Peak Current-Limit Protection

The RT6256BH/CH integrates a high-side MOSFET current

limit protection for preventing inductor saturation or avoiding

any possibility of damage caused by too much inrush

current. For implementing peak current limit protection,

there is a ILIMIT_PEAK level ( 11A) is compared to switching

current during high-side MOSFET turned on, as shown in

Figure 3. As the inductor current IL reaches the ILIMIT_PEAK,

the on-time is terminated to limit the load current.

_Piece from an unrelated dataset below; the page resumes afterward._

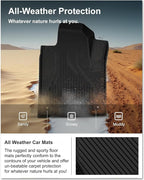 KIWI MASTER Floor Mats & Cargo Mat for 2014-2023 Jeep Cherokee (Not Grand Cherokee), Custom Fit All Weather Car Mats, Heavy Duty TPE Floor Liners, Front & Rear & Tray Trunk Mat Set, Black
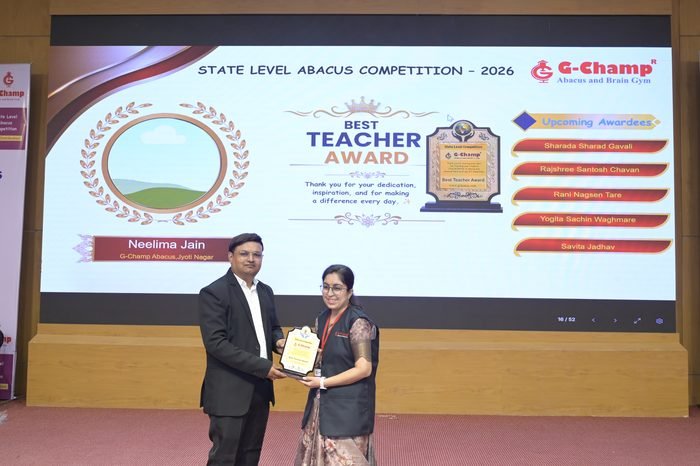 Neelima Jain — Best Teacher at the G-Champ State Level Abacus Competition 2026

Further,

low-side MODFET is turned on to discharge the inductor

current till VOUT is lower than the internal VREF. For

regulating the output voltage, high-side MOSFET is turned

on which is the cycle-by-cycle current limit. However, if

this situation still exists and the duty cycle is suppressed,

output voltage cannot be regulated and starts falling. Once,

the output voltage below UVP level, the RT6256BH/CH is

going to enter hiccup mode.

ILIMIT_PEAK

IL

PWM

IOUT

Figure 3. Peak Current Limitation

Output Over-Voltage Protection and Under-Voltage

Protection

The RT6256BH/CH includes output over-voltage protection

(OVP). If the output voltage rises above the regulation

level, the high-side switch naturally remains off and the

synchronous rectifier will turn on until the inductor current

reaches the zero or next on-time one-shot is triggered. If

the output voltage exceeds the OVP threshold for longer

than 20μs (typical), the IC's OVP is triggered. The

RT6256BH/CH also includes output under-voltage

protection (UVP). If the output voltage drops below the

UVP trip threshold for longer than 20μs (typical) the IC's

UVP is triggered. The RT6256BH/CH uses hiccup mode

in OVP and UVP. The hiccup mode protection is triggered

to force the device to stop switching for a period of time.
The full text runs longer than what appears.